February 15, 2014

This week in TV Guide: February 20, 1965

When we think of Burgess Meredith, we tend to associate him with the Penguin in the original Batman, or as the hapless librarian in the Twilight Zone episode "Time Enough at Last," or perhaps as the veteran cornerman in Rocky, for which he received an Oscar nomination.  But in February 1965, he's co-starring with James Franciscus in the high school drama Mr. Novak, where he plays Principal Martin Woodridge.

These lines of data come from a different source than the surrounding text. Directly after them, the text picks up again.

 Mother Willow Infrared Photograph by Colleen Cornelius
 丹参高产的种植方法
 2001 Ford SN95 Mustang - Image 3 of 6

Meredith has come to the series in its second and last season, as a replacement for the ailing Dean Jagger, who was forced to leave due to an ulcer.  It is hoped that Meredith's character will inject some tension into the series; Jagger, as Principal Albert Vane, had been more of a father-figure, and Woodridge's introduction figures to inject some conflict with the idealistic Novak.  (It doesn't work, or at least not enough to boost the ratings; Meredith appears for 17 episodes, after which the show is cancelled.)

It's considered quite the coup to attract Meredith to series television; he'd previously turned down series such as The Travels of Jamie McPheeters, and is known much more as a Broadway actor and director. His TV guest shots, including four appearances on Twilight Zone, have been memorable, but he's well aware of the difficulties facing veteran actors.  "Let's face it, I live high," he tells Dwight Whitney.  "I raise jumping horses, Kaja [his wife] flies airplanes.  The younger people don't know who I am.  And that, in this day and age, is essential."

So Novak is not the show that will bring Burgess Meredith to prominence among the younger generation. But just wait a couple of years, and that will change. . .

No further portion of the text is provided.